EXERCISE YOUR RIGHTS
Any natural person who participates in the activities proposed by Fattoria Carpineta Fontalpino can:
- get from the owner, in each the moment, information about the existence of personal data, the origin of the same, the purposes and methods of treatment and, if present, to obtain access to personal data and information referred to in Article 15 of the GDPR
-require the updating, rectification, integration, deletion, limitation of data processing in the event one of the conditions provided for in Article 18 of the GDPR occurs, the transformation into anonymous form or blocking of personal data, processed in violation of the law, including those that do not need to be kept for the purposes for which the data were collected and / or subsequently processed
- to oppose, in whole or in part, for legitimate reasons, to the processing of data, even if pertinent for the purpose of the collection and processing of personal data provided for the purposes of commercial information or the sending of advertising material.

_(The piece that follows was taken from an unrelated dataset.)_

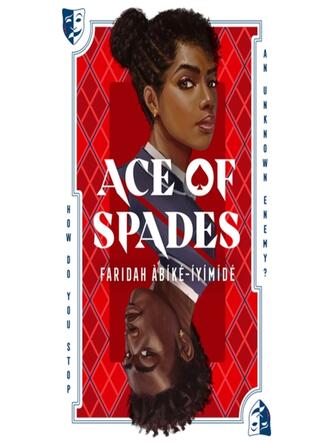 Faridah Àbíké-Íyímídé: Ace of Spades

Each user also has the right to revoke the consent at any time without prejudice to the lawfulness of the treatment based on consent given prior to revocation
- receive personal data, provided knowingly and actively or through the use of the service, in a structured format, common use and readable by automatic device, and transmit them to another holder of the treatment without impediment
-propose complaint with the Authority for the protection of personal data in Italy
For any question or request related to your personal data and to the respect of your privacy you can write to the email firstname.lastname@example.org
5. HOW AND FOR HOW LONG WILL YOUR DATA BE STORED?
The retention of personal data will take place in paper and / or electronic / IT format and for the time strictly necessary to fulfill the purposes referred to in point 1, in compliance with your privacy and current regulations. For marketing / promotion purposes we keep your data for a maximum period equal to that foreseen by the applicable legislation (respectively equal to 24 and 12 months).

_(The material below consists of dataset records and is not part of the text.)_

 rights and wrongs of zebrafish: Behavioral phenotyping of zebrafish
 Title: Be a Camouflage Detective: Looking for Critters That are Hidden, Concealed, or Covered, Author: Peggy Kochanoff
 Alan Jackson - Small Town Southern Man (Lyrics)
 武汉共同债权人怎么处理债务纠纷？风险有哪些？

Invoices, accounting documents and transaction data are stored for 11 years under the law (including tax obligations).
In the case of the exercise of the right to be forgotten through the request for explicit cancellation of personal data processed by the owner, we remind you that such data will be kept, in a protected form and with restricted access, only for purposes of ascertainment and repression of crimes. no more than 12 months from the date of the request and will subsequently be securely deleted or anonymised irreversibly.
6. HOW DO WE ENSURE THE PROTECTION OF YOUR DATA?
The data are collected by the subjects indicated in point 3, according to the indications of the relevant legislation, with particular regard to the security measures provided by the GDPR (Article 32) for their processing by means of computerized, manual and automated tools and with strictly related logic to the purposes indicated in point 1 and in any case so as to guarantee the security and confidentiality of the data.
This information may be subject to change. If substantial changes are made to the use of data on the user by the Owner, the latter will notify the user by publishing them with the maximum evidence on their pages or through alternative or similar means.